(Beginning of Data section)

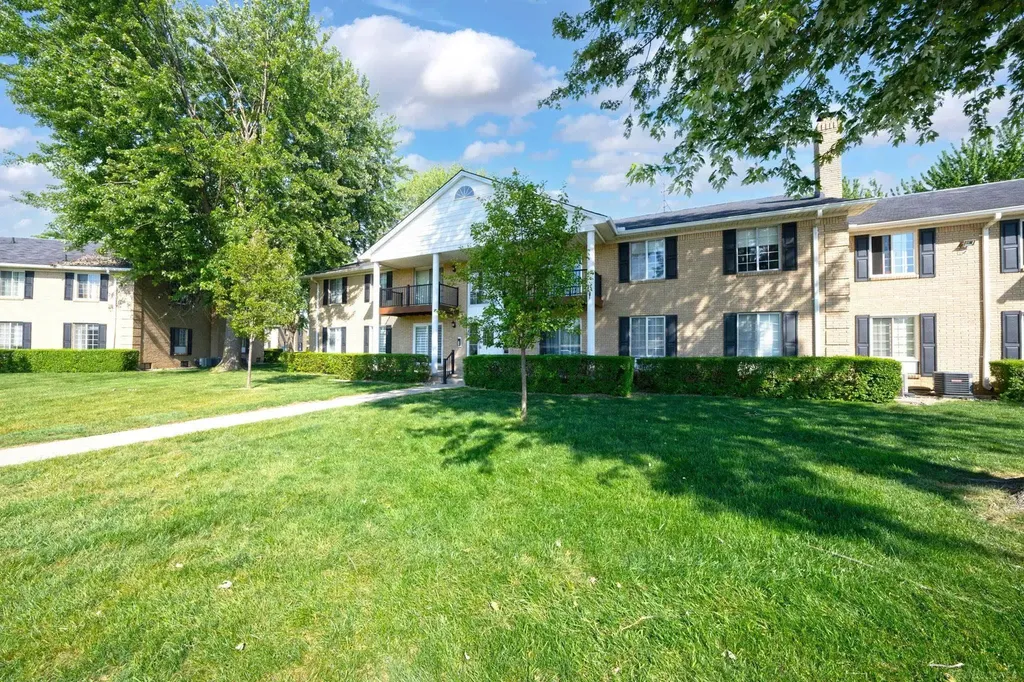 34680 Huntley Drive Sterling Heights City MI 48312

(End of Data section)
(Beginning of Data section)

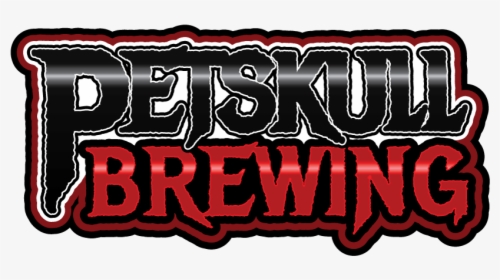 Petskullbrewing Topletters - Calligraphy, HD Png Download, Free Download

(End of Data section)
(Beginning of Data section)

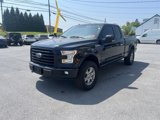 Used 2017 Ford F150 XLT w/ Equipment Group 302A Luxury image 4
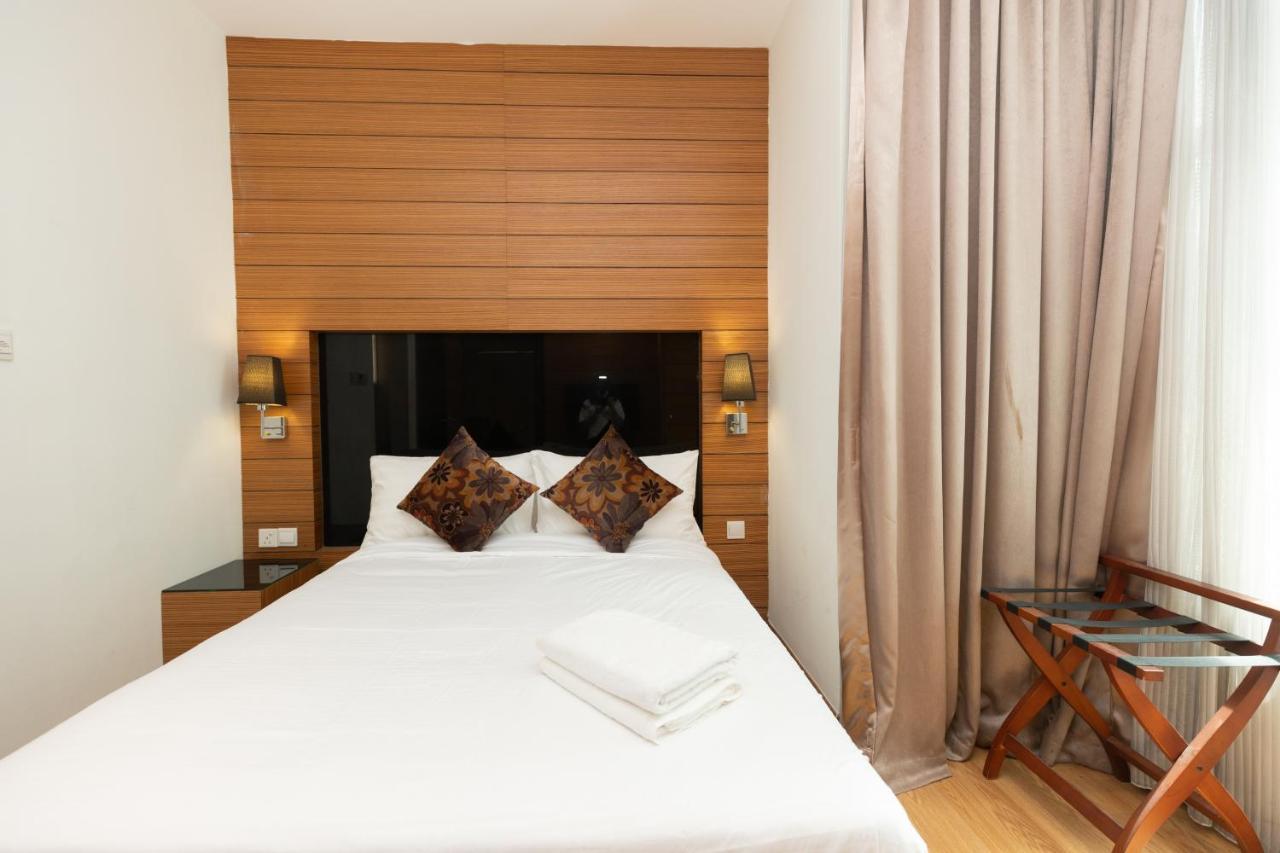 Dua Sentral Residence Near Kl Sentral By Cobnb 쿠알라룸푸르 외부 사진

(End of Data section)

● Task to complete: Starting at the line with "Used 2017 Ford" in the entries above, write out every line exactly until the line with "Dua Sentral Residence" has been written. Include no pictures and nothing more.

● Task output:
 Used 2017 Ford F150 XLT w/ Equipment Group 302A Luxury image 4
 Dua Sentral Residence Near Kl Sentral By Cobnb 쿠알라룸푸르 외부 사진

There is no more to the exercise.